→ **What you should do**
The data below must be returned in full and exactly.

→ **Data shown**
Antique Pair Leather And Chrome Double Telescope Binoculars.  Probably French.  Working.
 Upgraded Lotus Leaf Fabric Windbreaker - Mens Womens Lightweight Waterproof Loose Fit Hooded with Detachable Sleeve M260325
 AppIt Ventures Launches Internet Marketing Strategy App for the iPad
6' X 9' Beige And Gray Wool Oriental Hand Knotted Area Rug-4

→ **Result of this task**
Antique Pair Leather And Chrome Double Telescope Binoculars.  Probably French.  Working.
 Upgraded Lotus Leaf Fabric Windbreaker - Mens Womens Lightweight Waterproof Loose Fit Hooded with Detachable Sleeve M260325
 AppIt Ventures Launches Internet Marketing Strategy App for the iPad
6' X 9' Beige And Gray Wool Oriental Hand Knotted Area Rug-4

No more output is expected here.